The rapid rate of construction and commissioning of new water infrastructure in South Africa has severely challenged the ability of public sector institutions to keep these well maintained, resulting in large differences in the quality of water and sanitation services in the country.
Looking for a solution to this, the Water Research Commission (WRC) commissioned a scoping study in 2005 to explore the application of franchising principles, to ensure a constant high quality of services.
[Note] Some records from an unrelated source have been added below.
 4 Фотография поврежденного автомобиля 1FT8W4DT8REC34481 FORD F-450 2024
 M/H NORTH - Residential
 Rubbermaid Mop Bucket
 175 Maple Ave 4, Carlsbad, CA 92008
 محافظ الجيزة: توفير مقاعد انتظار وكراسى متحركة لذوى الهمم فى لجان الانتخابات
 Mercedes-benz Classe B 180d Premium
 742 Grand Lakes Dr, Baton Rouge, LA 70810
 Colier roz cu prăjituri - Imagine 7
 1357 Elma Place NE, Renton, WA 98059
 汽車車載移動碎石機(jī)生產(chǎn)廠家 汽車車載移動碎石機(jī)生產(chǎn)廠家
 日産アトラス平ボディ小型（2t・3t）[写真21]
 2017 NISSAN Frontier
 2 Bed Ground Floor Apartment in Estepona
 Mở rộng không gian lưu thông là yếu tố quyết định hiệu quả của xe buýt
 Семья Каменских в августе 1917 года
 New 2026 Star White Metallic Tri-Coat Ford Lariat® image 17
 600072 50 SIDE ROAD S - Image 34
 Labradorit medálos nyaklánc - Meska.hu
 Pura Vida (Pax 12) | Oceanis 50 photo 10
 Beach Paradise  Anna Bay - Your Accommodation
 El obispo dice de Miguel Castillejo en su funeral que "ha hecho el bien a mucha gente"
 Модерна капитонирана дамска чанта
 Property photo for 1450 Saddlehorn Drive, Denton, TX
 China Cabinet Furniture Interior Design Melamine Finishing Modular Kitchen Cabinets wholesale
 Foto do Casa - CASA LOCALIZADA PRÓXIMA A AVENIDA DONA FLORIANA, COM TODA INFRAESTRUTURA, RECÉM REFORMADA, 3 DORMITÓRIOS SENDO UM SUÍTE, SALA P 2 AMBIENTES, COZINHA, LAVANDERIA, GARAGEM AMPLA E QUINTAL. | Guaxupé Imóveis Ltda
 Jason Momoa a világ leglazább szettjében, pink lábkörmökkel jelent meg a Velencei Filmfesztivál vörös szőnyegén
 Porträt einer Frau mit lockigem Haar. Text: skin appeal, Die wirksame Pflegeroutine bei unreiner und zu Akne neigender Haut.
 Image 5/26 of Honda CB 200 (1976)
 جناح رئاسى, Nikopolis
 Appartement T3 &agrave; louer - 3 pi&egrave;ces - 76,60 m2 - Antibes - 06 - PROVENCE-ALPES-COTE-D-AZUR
This study found that franchising could address the lack of higher-level expertise often been identified as a key to improvement of service, as well as support the development of local micro-enterprises.
Based on this study, a pilot project was begun in 2009 at 400 schools in the Butterworth Education District, undertaken by a partnership between The Department of Education (DoE) of the Eastern Cape provincial government, Irish Aid, CSIR (Council for Scientific and Industrial Research), WRC, and utility Amanz’ abantu Services (Pty) Ltd. Local people were invited to become franchisees, who were then trained and given basic equipment to clean and maintain the sanitation facilities of the schools. Before and after photographs are taken for the school principals to sign off the work, and reports on the condition of the facilities are sent to DoE to develop the relationship between the schools, franchisees, and government.
Due to the success of the first round of maintenance, the franchisees have also undertaken maintenance of rainwater harvesting systems in the schools, and the DoE has suggested increasing the pilot area to 1000 schools. Eventually the franchisees will move from a subcontract agreement to a franchise agreement, working directly for DoE.
The main issues arising from the pilot include the need for constant attention to the billing and payment process so franchisees receive the funds due, the need for replacement of broken facilities, and the need for a long-term and strong partnership with the government, however the pilot has shown strong potential for this concept to be expanded to other water services activities, such as meter reading and domestic plumbing. Other municipalities in the area have seen the success of this pilot and are now investigating how the principles of franchisees and / or franchisor can be adapted and adopted to provide services to these municipalities.